Le réin­ves­tis­se­ment du corps comme unique res­source indique un retour­ne­ment éton­nant vers la défi­ni­tion clas­sique du pro­lé­ta­riat : qui n’a que sa force de tra­vail. Et il fau­drait désor­mais tra­vailler sur soi avant même d’être embauché !

Oui. Et c’est très indi­vi­dua­li­sé. Des débuts de l’industrialisation jusqu’aux années 1970, il exis­tait une force col­lec­tive éman­ci­pa­trice pour le tra­vail. Là, ce qui compte, c’est la com­pé­tence indi­vi­duelle, le savoir-être en action — le vôtre, pas celui de quelqu’un d’autre.
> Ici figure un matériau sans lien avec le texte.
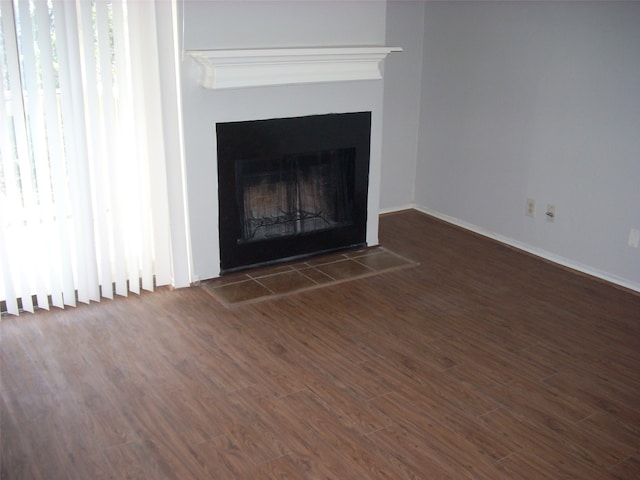 room details with hardwood / wood-style floors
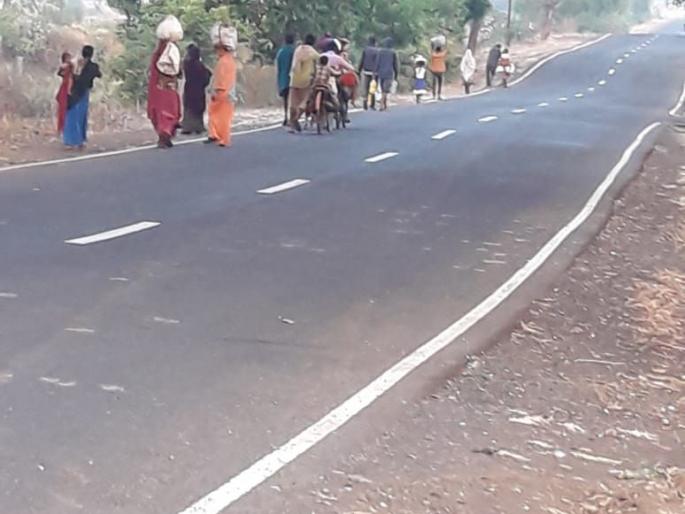 Madhya Pradesh workers flock back to Mumbai for special lockdown | त्र्यंबकेश्वरच्या विशेष लॉकडाउन निमित्ताने मध्यप्रदेशच्या मजुरांना परत माखारी फिरवले ! Madhya Pradesh workers flock back to Mumbai for special lockdown | त्र्यंबकेश्वरच्या विशेष लॉकडाउन निमित्ताने मध्यप्रदेशच्या मजुरांना परत माखारी फिरवले !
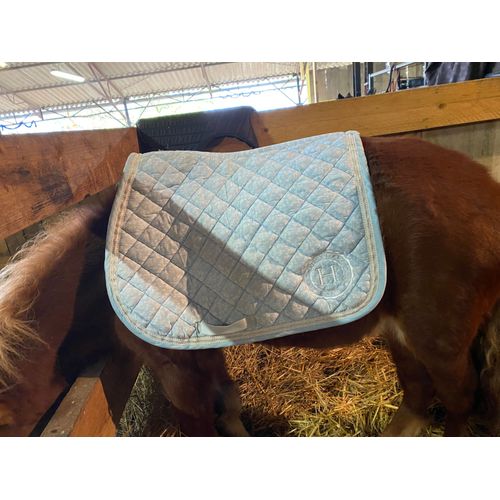 Bonjour À Tous, Je Vends Mon Tapis Harcourt De Collection Bleu Clair Avec Je Le Vent Pour 50 Mes Je Peut Baisser Si Dépars Rapide ! Pour Me Joindre N’Hésitez Pas À Me Contacter Au 07 85 55 68 98 ?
Que le corps soit un indi­ca­teur laisse une chance à cer­tains, peu qua­li­fiés, de reprendre le des­sus indi­vi­duel­le­ment en tra­vaillant sur ce capi­tal et d’espérer une cer­taine mobi­li­té sociale. Pour d’autres, ça peut être un fac­teur de déclassement.

La salle de sport n’est pas exempte de rap­ports de force qui peuvent pro­duire et ren­for­cer des hié­rar­chies et des inéga­li­tés. Quelle place pour une ana­lyse en termes de classe sociale ?

Il y a une évo­lu­tion très forte de l’offre des salles de sport. Dans les années 1980–1990, soit vous alliez dans la salle de l’ancien body­buil­deur local, soit dans un gym­nase — et peut-être dans quelques chaînes à Paris. Aujourd’hui il y a une volon­té de seg­men­ta­tion de l’offre qui est énorme : d’un côté, des salles low-cost et de l’autre, des salles pre­mium qui dif­fé­ren­cient d’emblée le recru­te­ment social. Toutefois, dans les salles que j’ai fré­quen­tées, on a affaire pour la majo­ri­té à des per­sonnes issues des milieux popu­laires, ouvriers ou employés. Ça confirme, pour moi, l’idée selon laquelle le corps est per­çu comme une res­source direc­te­ment acces­sible qu’on peut valo­ri­ser indi­vi­duel­le­ment. Pour décrire la place occu­pée par la mus­cu­la­tion dans la vie de ses pra­ti­quants, j’ai fait une typo­lo­gie. Il y a notam­ment le modèle de la sub­sti­tu­tion : le tra­vail pro­fes­sion­nel ne fait pas sens, mais le tra­vail indi­vi­duel à la salle, si : il est donc plé­bis­ci­té. On retrouve ça davan­tage chez les per­sonnes issues des classes popu­laires. D’autres indi­vi­dus peuvent se situer dans un modèle de com­plé­men­ta­ri­té avec leur acti­vi­té pro­fes­sion­nelle, ce qui ne les empêche pas d’être concer­nés eux aus­si par des vul­né­ra­bi­li­tés plus récur­rentes, plus pré­sentes, plus vio­lentes. Dans ce cas, ça trans­cende le niveau de diplôme ou la classe sociale : il y a l’idée glo­bale de se rendre plus fort par son corps, de don­ner un sens au tra­vail du corps.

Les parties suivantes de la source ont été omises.